-------- Data for the task

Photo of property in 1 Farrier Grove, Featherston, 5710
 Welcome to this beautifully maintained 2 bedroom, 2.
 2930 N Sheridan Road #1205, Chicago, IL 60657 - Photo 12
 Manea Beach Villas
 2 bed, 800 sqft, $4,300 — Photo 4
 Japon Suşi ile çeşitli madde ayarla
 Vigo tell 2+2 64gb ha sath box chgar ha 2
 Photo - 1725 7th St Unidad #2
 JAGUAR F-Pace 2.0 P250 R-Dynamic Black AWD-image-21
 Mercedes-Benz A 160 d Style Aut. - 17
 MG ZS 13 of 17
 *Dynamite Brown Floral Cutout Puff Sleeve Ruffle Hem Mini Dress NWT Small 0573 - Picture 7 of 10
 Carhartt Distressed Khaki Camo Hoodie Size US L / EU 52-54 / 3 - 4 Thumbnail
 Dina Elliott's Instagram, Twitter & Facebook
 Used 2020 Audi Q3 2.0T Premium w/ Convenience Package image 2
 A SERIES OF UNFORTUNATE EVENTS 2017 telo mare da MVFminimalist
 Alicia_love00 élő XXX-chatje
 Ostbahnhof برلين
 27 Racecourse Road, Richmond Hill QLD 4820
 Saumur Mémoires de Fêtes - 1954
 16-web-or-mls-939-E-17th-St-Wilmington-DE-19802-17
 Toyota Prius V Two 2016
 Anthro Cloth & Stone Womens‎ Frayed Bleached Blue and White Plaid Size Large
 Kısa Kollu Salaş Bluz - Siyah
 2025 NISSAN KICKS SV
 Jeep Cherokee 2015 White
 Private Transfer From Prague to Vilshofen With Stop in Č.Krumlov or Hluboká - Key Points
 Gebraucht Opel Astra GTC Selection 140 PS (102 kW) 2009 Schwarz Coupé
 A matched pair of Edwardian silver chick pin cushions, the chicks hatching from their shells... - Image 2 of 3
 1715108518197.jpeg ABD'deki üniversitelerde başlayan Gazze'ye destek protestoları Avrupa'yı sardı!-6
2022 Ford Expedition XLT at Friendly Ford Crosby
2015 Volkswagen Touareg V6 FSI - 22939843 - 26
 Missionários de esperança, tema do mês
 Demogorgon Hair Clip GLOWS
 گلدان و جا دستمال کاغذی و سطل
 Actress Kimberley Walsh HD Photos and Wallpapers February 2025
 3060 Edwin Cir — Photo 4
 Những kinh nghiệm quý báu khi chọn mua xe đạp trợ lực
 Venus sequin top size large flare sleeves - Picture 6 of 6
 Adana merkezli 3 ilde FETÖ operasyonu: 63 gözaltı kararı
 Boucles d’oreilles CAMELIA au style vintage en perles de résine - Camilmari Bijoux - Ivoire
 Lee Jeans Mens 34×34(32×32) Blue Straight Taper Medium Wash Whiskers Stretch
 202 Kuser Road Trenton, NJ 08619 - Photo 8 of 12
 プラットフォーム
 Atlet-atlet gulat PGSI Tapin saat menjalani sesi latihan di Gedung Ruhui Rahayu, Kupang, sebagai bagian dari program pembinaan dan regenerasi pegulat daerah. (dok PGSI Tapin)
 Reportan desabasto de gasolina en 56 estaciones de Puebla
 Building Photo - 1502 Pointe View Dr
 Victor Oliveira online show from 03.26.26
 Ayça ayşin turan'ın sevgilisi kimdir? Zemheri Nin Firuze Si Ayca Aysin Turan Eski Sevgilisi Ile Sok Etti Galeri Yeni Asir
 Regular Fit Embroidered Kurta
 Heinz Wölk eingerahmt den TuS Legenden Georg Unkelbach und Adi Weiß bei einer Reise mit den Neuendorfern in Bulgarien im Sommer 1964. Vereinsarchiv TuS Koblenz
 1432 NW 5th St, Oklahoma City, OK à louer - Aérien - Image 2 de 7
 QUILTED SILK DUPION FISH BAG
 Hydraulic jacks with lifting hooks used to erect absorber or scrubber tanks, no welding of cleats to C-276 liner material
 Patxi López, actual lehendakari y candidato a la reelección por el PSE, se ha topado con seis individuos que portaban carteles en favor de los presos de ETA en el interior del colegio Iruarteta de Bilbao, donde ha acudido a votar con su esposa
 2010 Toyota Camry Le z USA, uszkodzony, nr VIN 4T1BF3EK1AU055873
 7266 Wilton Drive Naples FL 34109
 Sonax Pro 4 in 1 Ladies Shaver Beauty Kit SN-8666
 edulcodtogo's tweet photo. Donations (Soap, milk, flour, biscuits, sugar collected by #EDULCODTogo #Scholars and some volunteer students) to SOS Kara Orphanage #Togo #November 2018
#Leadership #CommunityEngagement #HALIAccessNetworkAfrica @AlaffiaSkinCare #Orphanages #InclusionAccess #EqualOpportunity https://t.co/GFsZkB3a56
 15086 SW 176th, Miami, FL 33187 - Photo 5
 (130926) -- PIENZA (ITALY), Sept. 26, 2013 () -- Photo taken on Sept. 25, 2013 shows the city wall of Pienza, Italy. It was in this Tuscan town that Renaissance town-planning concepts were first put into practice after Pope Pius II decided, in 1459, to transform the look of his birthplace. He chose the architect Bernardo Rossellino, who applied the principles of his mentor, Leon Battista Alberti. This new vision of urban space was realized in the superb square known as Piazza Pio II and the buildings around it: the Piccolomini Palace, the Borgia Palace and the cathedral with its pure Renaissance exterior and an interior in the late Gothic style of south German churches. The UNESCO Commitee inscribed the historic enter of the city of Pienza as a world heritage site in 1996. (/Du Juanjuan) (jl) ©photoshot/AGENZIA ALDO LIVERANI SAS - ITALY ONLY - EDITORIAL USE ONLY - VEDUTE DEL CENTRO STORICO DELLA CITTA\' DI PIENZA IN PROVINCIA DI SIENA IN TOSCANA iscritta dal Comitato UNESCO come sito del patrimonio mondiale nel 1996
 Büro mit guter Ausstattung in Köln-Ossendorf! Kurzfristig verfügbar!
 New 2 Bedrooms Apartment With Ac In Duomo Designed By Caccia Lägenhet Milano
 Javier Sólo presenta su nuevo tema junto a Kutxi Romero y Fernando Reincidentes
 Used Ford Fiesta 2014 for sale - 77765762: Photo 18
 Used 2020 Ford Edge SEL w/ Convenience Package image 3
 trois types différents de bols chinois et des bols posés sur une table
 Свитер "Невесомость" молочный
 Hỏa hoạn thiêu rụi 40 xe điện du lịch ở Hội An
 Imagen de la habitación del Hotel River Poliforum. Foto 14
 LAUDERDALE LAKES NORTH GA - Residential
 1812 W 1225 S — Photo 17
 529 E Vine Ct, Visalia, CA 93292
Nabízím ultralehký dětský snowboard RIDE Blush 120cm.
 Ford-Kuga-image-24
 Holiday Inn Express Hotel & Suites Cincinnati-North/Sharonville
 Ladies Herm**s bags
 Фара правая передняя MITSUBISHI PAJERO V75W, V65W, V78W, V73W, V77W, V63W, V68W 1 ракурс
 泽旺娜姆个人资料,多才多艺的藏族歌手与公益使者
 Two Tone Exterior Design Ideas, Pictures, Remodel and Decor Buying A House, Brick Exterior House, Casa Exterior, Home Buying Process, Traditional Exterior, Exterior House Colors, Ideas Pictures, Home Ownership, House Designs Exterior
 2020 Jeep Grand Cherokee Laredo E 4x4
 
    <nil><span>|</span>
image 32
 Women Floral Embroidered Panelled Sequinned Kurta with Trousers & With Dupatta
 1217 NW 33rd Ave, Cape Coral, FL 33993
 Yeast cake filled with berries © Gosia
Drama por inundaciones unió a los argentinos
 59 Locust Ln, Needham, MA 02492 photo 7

----------------

> **What is expected**:
Check each line of the records for "Package" and copy the ones that contain it.

> **Your solution**:
 Used 2020 Audi Q3 2.0T Premium w/ Convenience Package image 2
 Used 2020 Ford Edge SEL w/ Convenience Package image 3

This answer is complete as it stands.